Y después de entregarme aquel interesante tomo, el señor Brocklehurst volvió a su coche y se fue.
Mi tía y yo quedamos solas. Ella cosía y yo la miraba. Era una mujer de unos treinta y seis o treinta y siete años, robusta, de espaldas cuadradas y miembros vigorosos, más bien baja y, aunque gruesa, no gorda; con las mandíbulas prominentes y fuertes, las cejas espesas, la barbilla ancha y saliente y la boca y la nariz bastante bien formadas. Bajo sus párpados brillaban unos ojos exentos de toda expresión de ternura, su cutis era oscuro y mate, su cabello áspero y su naturaleza sólida como una campana. No estaba enferma jamás.

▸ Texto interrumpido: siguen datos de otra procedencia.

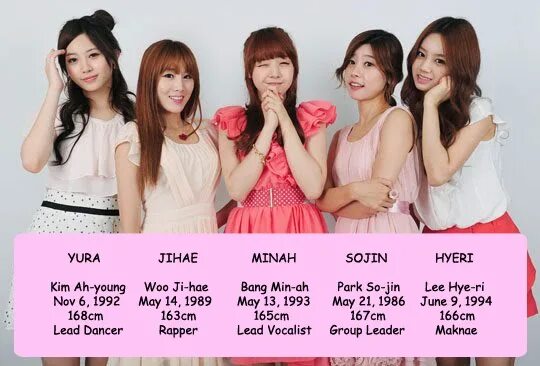 Корейская+группа+girls day. Girl's day как выглядят сейчас. Girls day names. Герлз дей корейская группа. Группа girl s day.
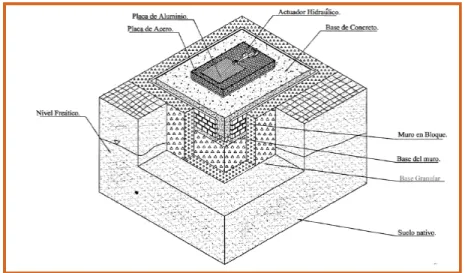 Figura 2.11. Esquema general de la cimentación. 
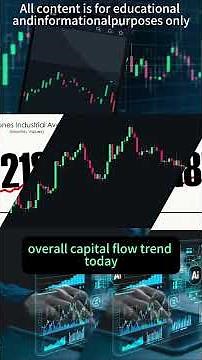 Capital Flow Trends & Sector Rotation in U.S. Stock Market: Insights on Diverging Indexe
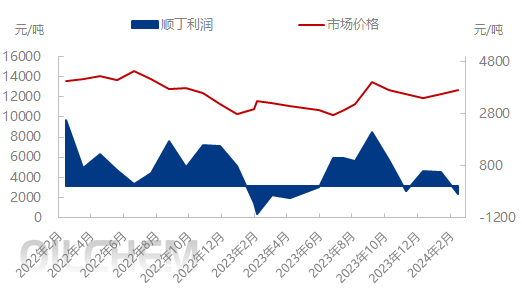 企业微信截图_17090164855126.png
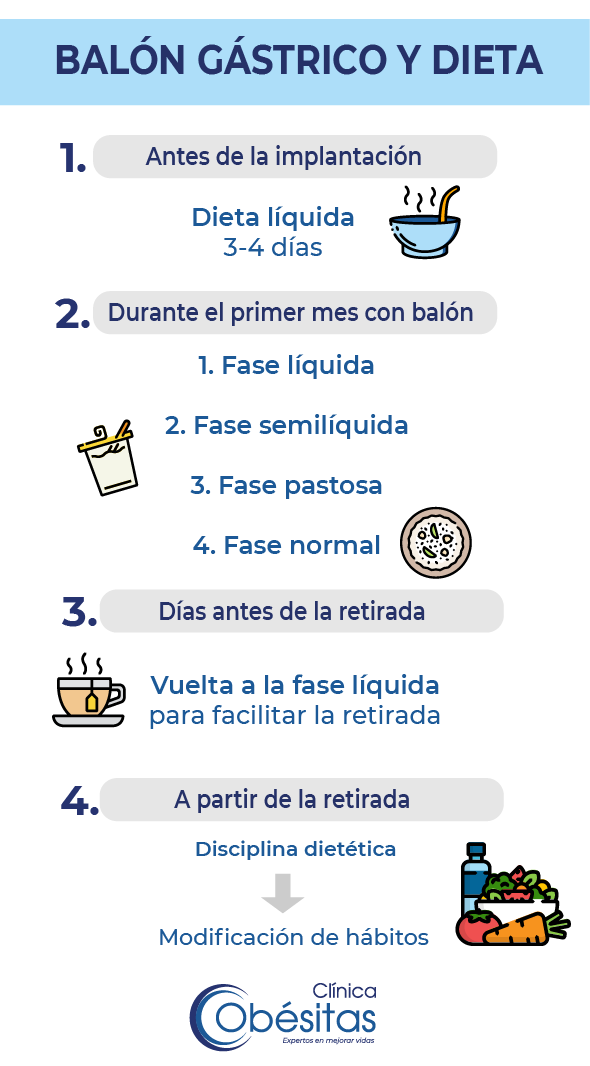 Balon Gastrico Y Dieta Como Comer Antes Y Despues Clinicas Obesitas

Dirigía la casa despóticamente y sólo sus hijos se atrevían a veces a desafiar su autoridad.
Yo, sentada en un taburete bajo, a pocas yardas de su butaca, la contemplaba con atención. Tenía en la mano el libro que hablaba de la muerte repentina de la niña embustera y, cuanto había sucedido, cuanto se había hablado entre mi tía y Brocklehurst, me producía un amargo resentimiento.